DATA EXCERPT =>
::::::::

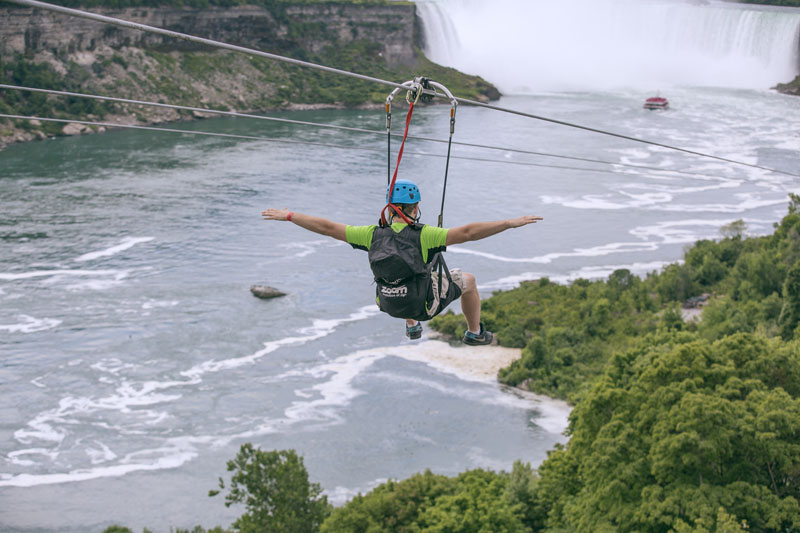 A tourist suspended above the water from zip lines makes his way at speeds of up to 40 mph toward the the mist of the Horseshoe Falls, on the Ontario side of Niagara Falls, on July 19, 2016. Photo: Kien Tran/WildPlay Ltd via AP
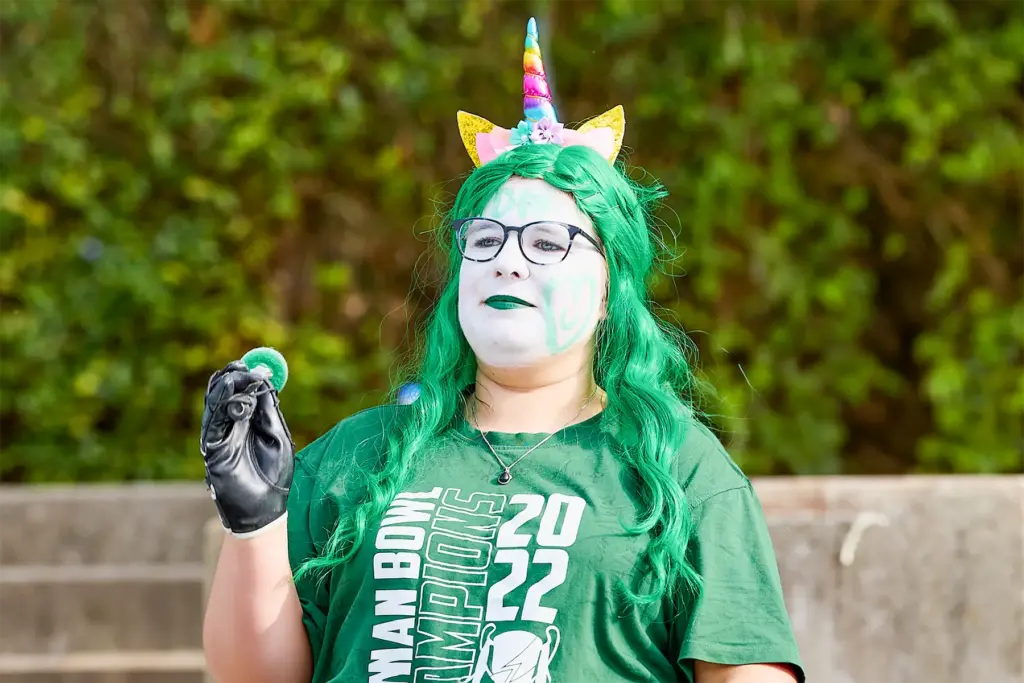 Ein Fan der Schwäbisch Hall Unicorns mit grüner Perücke, Einhorn-Haarreif und Gesichtsbemalung steht beim Ladiesbowl am Spielfeldrand.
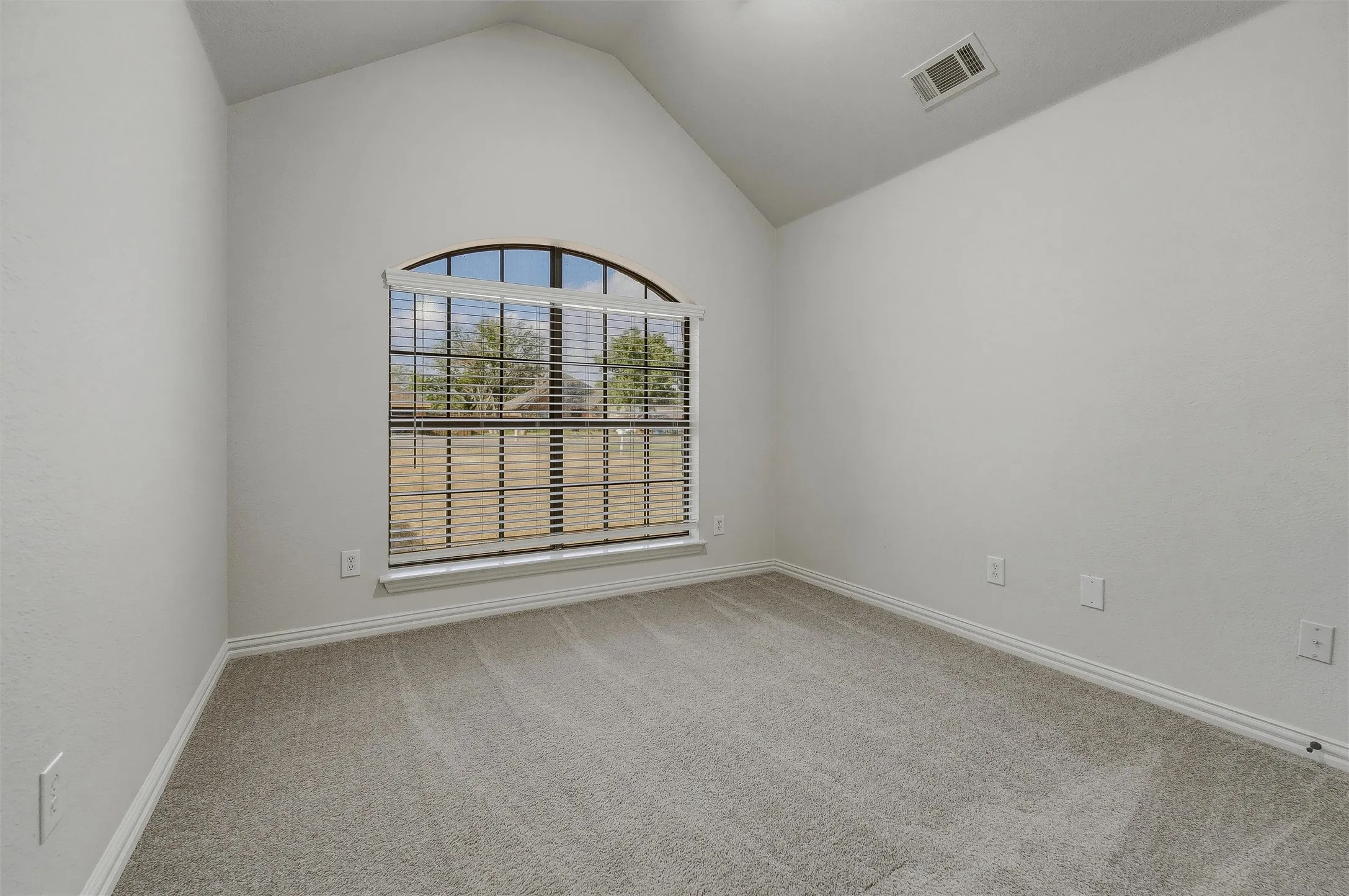 Arched window with blinds, vaulted ceiling, neutral wall paint, and gray carpet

::::::::

GOAL OF THE EXERCISE =>
Leaving the pictures out, write out all the material above exactly.

TASK RESULT =>
 A tourist suspended above the water from zip lines makes his way at speeds of up to 40 mph toward the the mist of the Horseshoe Falls, on the Ontario side of Niagara Falls, on July 19, 2016. Photo: Kien Tran/WildPlay Ltd via AP
 Ein Fan der Schwäbisch Hall Unicorns mit grüner Perücke, Einhorn-Haarreif und Gesichtsbemalung steht beim Ladiesbowl am Spielfeldrand.
 Arched window with blinds, vaulted ceiling, neutral wall paint, and gray carpet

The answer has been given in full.